NORBERT LAMMERT
Vom »Strippenzieher« zum Präsidenten
Dass sich Norbert Lammert auch nach vier Jahren im protokollarisch zweithöchsten Staatsamt fraktionsübergreifender Anerkennung erfreuen kann, beweist nicht zuletzt seine überzeugende Wiederwahl am 27. Oktober, bei der er 522 von 617 Stimmen erhielt. Dabei hat sich der Vater von vier Kindern auch immer wieder als unabhängiger Geist gezeigt. So lehnte er etwa als einziger seiner Fraktion im Frühjahr die Föderalismusreform II im Bundestag ab, weil ihm die damit verbundenen Grundgesetzergänzungen "unmaßstäblich" erschienen.
Dass der 60 Jahre alte Doktor der Sozialwissenschaften und Honorarprofessor im Amt des Bundestagspräsidenten bestätigt würde, stand schon im Vorfeld außer Zweifel.
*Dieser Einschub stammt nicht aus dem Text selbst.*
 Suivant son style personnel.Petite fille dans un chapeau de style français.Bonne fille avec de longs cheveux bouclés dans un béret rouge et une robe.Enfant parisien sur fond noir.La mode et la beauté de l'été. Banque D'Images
Vor vier Jahren erzielte der Sohn eines Bäckermeisters das beste Ergebnis, das ein Bundestagspräsident je bei seiner ersten Wahl erreichte; zuvor schon hatte sich der ausgewiesene Kulturexperte als Vizepräsident des Parlaments mit seiner so souveränen wie humorvollen und sprachlich eleganten Sitzungsleitung profiliert.
Dem Bundestag gehört der gebürtige Bochumer, der 1966 in die CDU eintrat und schon zwei Jahre zuvor Mitglied der Jungen Union war, seit 1980 an. Von 1996 bis 2005 Vorsitzender der einflussreichen CDU-Landesgruppe Nordrhein-Westfalen, galt er vielen als "Strippenzieher". Regierungserfahrung sammelte der Katholik, der als Hobbys Musik, Fußball und Literatur angibt, zwischen 1989 und 1998, als er als Parlamentarischer Staatssekretär erst im Bildungs-, dann im Wirtschafts- und schließlich im Verkehrsministerium arbeitete.
Anschließend war Lammert, der eigentlich Berufsmusiker werden wollte, bis zu seinem Wechsel ins Bundestagspräsidium 2002 kulturpolitischer Sprecher der Unionsfraktion. 2005 in Angela Merkels Wahlkampfteam zuständig für Kultur und als möglicher Kulturstaatsminister im Gespräch, rückte er statt dessen als zwölfter Bundestagspräsident an die Spitze des Hohen Hauses.